• _Raw data_:
________________________

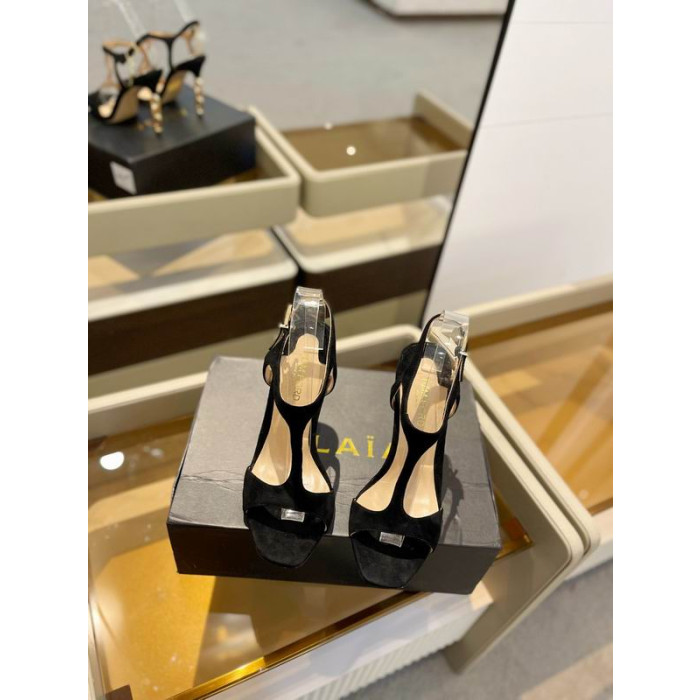 Tom Ford 10.5 cm Velluto Oro Catena Angelina Sandalo In Nero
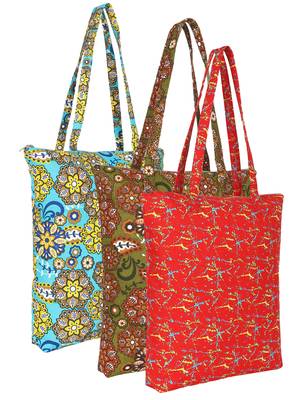 eco-friendly multicolor floral printed cotton canvas shopping bags (pack of 3) 1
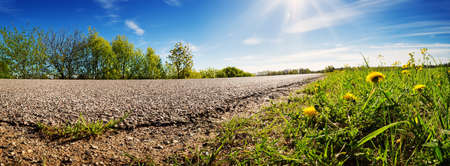 Road panorama on sunny spring dayの写真素材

________________________

Could you print the whole listing again, exactly, leaving the pictures out?

• _Task result_:
 Tom Ford 10.5 cm Velluto Oro Catena Angelina Sandalo In Nero
 eco-friendly multicolor floral printed cotton canvas shopping bags (pack of 3) 1
 Road panorama on sunny spring dayの写真素材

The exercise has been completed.